We propose using a point cloud when reconstructing the object in 3D from sonar images. There are several methods to represent the 3D model of an object, such as using voxels and meshes. The point cloud is a set of points with coordinate values of $(x,y,z)$; therefore, it does not consume much memory. Therefore, the point cloud is a suitable data format for the AUV, which has limited computing power. Additionally, the point cloud is a standardized format that is often used on land, so various terrestrial algorithms could be applicable for underwater operation.

The generated point cloud and classified object information can be utilized for AUV operations such as target detection and navigation. The remainder of this section explains the main elements of the proposed method in more detail.

3.2. Reconstruction of the 3D Point Cloud of an Object Using FSS

For underwater object classification, the proposed method first reconstructed the 3D geometry of an underwater object using a sonar sensor. By restoring the 3D geometry using a point cloud, the AUV can accurately classify underwater objects without excessive memory overhead.

We could generate the 3D point cloud of underwater objects from a series of 2D sonar images.

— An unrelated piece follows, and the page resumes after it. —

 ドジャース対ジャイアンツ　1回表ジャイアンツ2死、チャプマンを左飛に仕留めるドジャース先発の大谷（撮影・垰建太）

Cho et al. [18] developed a method to specify the elevation angle of underwater terrain by analyzing highlights in consecutively taken sonar images with an AUV, as shown in Figure 4. Although the FSS can scan a region between $r_{min}$ and $r_{max}$ in a single capture, the FSS has a sweet spot in which the strength of acoustic beams is concentrated and has the highest SNR. Therefore, when capturing an object by using an FSS, it is common to place the object in the sweet spot and make the seabed appear in the background, as shown in Figure 4a. On the other hand, Cho addressed an effect called highlight extension to restore the elevation angle of the object. As shown in Figure 4b, if the FSS approaches the object, the highlight extension effect occurs, in which the highlight of the object is observed before the seabed, since the object protrudes from the seabed. If the FSS approaches the object more, the length of the highlight extension increases until it reaches a critical position and does not change thereafter, as shown in Figure 4c,d.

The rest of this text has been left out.